Oil prices erased gains made in early trading after Brent hit a new high in 13 months, surpassing $65 a barrel, as markets witnessed new buying due to fears that sudden cold weather in Texas could disrupt US crude production for days or perhaps weeks.
Brent crude fell 3 cents, recording $64.31 a barrel, after it had reached $65.52 earlier in the session, its highest level since January 20, 2020.
US West Texas Intermediate crude futures fell four cents to $61.10 a barrel, after previously reaching $62.26 a barrel, their highest since January 8, 2020.
The cold wave continued in Texas for the sixth day today, Thursday, as the largest US state of energy production suffers from a major disruption in refining activities and shutdowns of oil and gas production operations, whose effects reached neighbouring Mexico.

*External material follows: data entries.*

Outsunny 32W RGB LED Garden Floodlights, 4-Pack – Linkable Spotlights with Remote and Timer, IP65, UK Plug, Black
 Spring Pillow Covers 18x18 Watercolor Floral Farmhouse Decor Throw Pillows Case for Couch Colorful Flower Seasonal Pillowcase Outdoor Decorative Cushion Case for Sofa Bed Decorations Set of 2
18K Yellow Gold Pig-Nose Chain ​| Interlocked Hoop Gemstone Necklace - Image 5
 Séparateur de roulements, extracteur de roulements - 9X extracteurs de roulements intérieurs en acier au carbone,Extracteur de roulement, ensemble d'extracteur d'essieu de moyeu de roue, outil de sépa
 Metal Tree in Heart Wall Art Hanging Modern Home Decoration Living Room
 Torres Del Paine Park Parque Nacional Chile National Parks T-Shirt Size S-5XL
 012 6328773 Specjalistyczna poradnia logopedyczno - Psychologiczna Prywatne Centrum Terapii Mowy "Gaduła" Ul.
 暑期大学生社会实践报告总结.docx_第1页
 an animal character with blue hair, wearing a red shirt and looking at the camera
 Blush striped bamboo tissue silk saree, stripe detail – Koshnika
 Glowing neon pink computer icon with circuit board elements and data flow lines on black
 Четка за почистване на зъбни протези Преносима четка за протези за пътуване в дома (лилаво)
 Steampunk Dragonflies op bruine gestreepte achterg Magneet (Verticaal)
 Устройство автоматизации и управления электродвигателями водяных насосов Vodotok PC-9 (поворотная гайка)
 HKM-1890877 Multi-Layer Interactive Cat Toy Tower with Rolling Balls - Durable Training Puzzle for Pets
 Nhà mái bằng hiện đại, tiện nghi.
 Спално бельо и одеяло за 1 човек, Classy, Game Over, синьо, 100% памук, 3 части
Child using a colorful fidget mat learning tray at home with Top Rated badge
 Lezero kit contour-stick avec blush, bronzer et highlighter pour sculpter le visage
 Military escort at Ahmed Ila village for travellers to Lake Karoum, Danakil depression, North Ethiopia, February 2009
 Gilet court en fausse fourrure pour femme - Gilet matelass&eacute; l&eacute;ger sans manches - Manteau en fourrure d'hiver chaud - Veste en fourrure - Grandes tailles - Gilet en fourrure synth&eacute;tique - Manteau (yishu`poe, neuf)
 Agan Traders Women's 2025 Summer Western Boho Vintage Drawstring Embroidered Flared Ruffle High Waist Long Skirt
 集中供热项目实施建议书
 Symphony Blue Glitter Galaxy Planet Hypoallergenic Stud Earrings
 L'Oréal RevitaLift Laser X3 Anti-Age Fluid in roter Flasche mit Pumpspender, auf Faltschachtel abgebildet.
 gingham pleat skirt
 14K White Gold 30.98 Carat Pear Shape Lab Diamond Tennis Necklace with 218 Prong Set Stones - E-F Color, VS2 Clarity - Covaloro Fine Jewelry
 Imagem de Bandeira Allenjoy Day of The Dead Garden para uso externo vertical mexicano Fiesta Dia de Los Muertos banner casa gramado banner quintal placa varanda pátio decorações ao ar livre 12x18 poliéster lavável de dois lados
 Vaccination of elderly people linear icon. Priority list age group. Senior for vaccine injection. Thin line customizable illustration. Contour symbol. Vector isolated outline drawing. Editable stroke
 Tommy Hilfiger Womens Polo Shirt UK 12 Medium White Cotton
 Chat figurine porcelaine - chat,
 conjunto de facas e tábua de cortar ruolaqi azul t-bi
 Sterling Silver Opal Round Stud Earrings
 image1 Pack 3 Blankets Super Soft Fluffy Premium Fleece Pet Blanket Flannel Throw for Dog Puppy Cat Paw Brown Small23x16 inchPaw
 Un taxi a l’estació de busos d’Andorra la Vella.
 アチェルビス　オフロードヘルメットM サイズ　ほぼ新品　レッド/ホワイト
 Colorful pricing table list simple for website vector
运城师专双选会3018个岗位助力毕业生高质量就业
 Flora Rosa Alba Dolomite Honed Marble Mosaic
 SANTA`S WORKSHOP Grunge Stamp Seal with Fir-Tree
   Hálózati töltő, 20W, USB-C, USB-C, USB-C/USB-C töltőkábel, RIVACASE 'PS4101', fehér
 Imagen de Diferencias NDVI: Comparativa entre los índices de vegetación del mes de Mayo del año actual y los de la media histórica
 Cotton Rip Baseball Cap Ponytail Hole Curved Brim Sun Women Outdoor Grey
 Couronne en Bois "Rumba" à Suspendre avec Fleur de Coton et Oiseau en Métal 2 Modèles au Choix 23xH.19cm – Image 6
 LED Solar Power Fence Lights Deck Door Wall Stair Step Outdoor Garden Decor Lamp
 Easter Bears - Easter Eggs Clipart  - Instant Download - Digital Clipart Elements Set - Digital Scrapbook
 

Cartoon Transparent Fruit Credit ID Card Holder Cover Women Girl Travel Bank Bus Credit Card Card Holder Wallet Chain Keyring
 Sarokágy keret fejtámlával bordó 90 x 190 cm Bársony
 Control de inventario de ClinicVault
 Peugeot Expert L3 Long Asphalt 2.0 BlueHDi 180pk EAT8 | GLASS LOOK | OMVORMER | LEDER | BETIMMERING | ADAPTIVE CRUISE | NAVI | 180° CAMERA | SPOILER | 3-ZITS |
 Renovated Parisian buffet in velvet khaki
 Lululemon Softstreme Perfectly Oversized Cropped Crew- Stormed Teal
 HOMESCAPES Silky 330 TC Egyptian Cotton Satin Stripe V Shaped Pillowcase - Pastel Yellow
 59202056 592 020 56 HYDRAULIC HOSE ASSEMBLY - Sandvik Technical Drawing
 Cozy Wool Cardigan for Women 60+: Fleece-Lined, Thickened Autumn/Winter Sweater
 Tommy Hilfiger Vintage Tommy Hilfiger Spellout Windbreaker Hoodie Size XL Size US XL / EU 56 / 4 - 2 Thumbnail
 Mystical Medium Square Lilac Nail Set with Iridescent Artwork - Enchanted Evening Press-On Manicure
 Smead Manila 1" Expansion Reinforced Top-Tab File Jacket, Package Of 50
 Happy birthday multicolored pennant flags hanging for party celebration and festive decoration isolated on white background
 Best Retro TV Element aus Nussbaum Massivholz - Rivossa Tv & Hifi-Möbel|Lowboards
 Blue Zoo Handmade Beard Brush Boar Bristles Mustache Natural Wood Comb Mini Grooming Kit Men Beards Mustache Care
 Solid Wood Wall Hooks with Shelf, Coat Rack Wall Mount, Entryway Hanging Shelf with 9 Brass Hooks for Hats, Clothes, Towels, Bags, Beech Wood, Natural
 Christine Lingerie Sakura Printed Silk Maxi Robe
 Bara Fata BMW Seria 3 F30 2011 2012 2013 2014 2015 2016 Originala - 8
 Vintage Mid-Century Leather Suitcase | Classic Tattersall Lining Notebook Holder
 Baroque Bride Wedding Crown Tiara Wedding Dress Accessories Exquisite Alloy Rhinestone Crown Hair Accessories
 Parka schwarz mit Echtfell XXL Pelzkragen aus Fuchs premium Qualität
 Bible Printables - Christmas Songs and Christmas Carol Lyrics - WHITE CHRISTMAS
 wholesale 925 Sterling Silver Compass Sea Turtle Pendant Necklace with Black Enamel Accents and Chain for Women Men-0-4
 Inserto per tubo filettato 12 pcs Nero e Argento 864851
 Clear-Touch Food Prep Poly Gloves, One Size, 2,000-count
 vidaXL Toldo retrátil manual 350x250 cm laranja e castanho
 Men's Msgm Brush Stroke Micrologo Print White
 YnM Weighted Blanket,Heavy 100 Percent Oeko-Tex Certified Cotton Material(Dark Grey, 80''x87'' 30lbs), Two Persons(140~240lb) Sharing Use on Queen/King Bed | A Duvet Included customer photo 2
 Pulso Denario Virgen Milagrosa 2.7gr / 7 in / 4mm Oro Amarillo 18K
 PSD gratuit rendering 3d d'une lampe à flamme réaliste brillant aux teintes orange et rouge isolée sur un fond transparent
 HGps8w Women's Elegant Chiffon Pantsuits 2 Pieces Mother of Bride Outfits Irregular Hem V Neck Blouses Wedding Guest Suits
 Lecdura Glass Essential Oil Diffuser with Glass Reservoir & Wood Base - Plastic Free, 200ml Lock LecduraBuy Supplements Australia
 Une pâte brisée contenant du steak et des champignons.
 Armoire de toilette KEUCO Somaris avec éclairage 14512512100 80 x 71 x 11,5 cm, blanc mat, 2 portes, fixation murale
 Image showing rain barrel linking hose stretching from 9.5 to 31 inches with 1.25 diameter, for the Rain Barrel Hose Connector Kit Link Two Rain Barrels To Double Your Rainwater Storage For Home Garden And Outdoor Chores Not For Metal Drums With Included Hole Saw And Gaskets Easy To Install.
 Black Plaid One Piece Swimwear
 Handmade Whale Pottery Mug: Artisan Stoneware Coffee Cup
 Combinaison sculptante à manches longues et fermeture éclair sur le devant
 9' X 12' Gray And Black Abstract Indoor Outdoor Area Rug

This caused about four million barrels per day of refining capacity to stop and about one million barrels per day of oil production.
Data from the American Petroleum Institute showed that US crude inventories fell 5.8 million barrels in the week ending February 12, to about 468 million barrels, compared with analysts’ expectations for a decrease of 2.4 million barrels.
Oil stocks data from the US Energy Information Administration is due to be published later on Thursday, a day late after Monday’s holiday.
The rise in the price of oil in recent months has also been supported by the scarcity of global supplies, largely due to production cuts by the Organization of the Petroleum Exporting Countries (OPEC) and allied producers in the OPEC+ group that includes Russia.
OPEC+ sources told Reuters that the group’s producers would likely ease restrictions on supplies after April, given the recovery in prices.